▶ [What is expected]: Scan the records below for the word "Universal". Copy each line where it appears.

Extracted data: Begin

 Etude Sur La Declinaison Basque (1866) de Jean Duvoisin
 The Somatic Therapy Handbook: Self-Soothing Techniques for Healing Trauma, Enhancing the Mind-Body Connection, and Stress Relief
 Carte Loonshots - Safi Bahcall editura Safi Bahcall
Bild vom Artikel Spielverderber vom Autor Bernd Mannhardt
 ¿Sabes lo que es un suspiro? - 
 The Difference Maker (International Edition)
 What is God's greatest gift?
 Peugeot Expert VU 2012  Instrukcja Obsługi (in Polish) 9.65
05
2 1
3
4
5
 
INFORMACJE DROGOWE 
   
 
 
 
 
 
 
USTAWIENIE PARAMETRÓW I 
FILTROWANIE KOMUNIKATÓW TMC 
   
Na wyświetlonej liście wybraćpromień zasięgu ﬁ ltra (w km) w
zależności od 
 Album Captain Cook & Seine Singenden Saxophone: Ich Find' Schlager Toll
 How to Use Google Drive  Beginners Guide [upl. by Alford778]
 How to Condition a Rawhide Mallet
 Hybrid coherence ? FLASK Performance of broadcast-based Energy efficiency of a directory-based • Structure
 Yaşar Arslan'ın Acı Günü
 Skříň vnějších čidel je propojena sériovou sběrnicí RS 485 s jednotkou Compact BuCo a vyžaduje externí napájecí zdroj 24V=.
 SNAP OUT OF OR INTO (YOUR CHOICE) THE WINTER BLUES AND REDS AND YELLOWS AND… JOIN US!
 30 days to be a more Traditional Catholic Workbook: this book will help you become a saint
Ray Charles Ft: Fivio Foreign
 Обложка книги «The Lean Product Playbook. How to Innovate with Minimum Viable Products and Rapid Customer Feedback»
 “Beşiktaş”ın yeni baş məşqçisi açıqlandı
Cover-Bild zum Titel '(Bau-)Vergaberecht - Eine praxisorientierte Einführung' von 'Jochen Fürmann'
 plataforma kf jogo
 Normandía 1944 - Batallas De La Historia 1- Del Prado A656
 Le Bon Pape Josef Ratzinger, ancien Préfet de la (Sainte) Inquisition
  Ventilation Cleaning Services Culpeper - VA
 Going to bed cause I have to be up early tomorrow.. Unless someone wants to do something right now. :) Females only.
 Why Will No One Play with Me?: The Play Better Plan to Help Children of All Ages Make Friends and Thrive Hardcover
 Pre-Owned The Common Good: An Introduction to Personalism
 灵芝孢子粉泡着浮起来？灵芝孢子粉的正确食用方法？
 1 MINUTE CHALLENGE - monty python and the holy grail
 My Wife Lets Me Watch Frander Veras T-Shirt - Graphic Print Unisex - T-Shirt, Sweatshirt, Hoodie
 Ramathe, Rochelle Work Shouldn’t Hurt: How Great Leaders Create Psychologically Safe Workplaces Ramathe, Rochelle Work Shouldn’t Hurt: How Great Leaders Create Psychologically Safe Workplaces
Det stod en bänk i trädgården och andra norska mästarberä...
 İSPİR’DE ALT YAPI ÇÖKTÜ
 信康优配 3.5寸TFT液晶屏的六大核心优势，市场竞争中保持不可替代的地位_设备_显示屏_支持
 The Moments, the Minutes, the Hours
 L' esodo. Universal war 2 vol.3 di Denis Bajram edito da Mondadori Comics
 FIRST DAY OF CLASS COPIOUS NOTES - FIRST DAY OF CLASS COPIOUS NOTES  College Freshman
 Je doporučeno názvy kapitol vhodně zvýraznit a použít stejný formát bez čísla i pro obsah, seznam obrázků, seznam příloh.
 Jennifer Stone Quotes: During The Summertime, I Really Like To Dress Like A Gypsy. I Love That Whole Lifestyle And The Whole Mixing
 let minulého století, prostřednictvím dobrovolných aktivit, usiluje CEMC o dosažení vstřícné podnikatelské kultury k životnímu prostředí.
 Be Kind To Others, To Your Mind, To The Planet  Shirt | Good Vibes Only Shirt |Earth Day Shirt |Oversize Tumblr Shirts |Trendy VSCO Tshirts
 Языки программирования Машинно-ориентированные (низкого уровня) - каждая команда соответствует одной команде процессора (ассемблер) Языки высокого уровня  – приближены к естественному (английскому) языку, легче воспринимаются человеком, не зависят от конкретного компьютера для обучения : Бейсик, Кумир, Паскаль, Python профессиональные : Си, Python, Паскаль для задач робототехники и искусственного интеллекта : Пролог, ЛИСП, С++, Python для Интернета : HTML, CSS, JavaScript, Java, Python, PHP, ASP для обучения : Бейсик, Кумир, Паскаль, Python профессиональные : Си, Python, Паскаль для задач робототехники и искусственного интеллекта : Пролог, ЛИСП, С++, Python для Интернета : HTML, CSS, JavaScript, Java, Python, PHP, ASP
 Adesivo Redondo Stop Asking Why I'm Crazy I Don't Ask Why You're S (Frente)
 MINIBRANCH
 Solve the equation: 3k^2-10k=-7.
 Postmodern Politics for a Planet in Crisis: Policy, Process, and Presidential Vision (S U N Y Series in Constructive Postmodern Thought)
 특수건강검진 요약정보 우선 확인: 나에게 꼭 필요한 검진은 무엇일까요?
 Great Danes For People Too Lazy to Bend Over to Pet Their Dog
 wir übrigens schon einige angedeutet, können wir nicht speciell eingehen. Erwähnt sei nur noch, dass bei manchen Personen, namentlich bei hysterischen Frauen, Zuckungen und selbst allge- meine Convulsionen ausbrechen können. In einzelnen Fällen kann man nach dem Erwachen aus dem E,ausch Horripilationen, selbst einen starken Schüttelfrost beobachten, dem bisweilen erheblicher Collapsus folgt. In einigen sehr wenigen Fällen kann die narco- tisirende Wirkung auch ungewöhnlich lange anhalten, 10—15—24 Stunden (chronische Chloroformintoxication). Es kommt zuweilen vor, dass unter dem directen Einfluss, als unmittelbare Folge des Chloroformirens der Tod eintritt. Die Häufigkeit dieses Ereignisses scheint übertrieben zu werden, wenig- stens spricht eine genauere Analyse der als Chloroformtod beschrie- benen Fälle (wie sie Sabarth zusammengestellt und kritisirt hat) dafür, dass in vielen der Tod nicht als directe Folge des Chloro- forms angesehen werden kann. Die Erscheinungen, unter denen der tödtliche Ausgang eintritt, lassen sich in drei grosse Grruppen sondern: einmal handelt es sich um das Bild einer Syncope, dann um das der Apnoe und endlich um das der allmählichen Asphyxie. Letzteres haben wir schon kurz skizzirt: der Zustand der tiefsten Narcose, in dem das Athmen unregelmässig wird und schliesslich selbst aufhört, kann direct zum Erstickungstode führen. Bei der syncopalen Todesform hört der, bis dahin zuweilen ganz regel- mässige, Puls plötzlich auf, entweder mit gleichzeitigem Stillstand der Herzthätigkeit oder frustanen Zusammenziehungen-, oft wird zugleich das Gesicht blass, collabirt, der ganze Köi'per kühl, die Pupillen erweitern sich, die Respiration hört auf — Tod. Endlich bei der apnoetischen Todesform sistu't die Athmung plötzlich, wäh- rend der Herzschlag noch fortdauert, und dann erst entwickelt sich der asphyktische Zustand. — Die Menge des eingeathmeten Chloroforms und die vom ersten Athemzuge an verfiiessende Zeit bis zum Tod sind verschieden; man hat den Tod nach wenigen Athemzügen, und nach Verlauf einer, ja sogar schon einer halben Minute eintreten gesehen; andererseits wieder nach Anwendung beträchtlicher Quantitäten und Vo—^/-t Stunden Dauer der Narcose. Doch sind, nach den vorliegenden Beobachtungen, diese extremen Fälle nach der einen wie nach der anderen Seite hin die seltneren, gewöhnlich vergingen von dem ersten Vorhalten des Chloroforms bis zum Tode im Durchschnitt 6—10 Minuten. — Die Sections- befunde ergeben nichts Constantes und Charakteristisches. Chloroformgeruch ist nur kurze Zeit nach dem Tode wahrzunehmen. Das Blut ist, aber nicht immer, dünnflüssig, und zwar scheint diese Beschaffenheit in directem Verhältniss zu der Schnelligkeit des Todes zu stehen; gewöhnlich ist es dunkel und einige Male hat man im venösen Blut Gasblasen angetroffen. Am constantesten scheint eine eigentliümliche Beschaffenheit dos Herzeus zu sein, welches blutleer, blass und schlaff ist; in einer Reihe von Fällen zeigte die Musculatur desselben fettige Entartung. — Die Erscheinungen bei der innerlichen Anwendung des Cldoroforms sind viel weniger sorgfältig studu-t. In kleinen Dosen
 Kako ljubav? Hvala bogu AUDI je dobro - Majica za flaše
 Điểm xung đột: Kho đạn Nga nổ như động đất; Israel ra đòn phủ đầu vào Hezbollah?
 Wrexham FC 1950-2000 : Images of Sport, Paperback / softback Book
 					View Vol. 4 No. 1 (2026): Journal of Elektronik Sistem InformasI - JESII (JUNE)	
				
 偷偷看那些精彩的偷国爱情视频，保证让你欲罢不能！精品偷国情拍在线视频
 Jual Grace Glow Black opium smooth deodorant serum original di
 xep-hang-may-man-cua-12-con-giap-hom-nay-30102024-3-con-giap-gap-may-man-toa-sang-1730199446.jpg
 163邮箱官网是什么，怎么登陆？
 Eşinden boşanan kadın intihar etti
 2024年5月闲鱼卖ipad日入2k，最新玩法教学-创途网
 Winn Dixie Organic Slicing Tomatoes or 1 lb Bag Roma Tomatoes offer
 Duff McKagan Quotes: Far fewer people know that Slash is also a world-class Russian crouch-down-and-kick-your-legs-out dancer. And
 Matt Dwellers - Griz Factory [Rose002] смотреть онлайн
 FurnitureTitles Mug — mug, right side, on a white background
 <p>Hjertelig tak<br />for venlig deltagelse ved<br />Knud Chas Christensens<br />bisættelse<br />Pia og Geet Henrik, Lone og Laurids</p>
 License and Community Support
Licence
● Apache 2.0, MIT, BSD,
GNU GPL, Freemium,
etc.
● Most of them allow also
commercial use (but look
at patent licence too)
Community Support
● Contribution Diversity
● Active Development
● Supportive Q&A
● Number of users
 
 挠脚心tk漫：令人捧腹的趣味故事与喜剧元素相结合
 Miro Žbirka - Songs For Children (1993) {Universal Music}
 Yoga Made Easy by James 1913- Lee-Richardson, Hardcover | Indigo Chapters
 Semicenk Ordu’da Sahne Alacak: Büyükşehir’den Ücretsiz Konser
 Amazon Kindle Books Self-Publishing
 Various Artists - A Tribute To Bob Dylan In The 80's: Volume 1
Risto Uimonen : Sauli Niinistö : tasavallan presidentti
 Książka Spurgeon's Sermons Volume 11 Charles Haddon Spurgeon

Extracted data: End

▶ [Written reply]:
 L' esodo. Universal war 2 vol.3 di Denis Bajram edito da Mondadori Comics
 Miro Žbirka - Songs For Children (1993) {Universal Music}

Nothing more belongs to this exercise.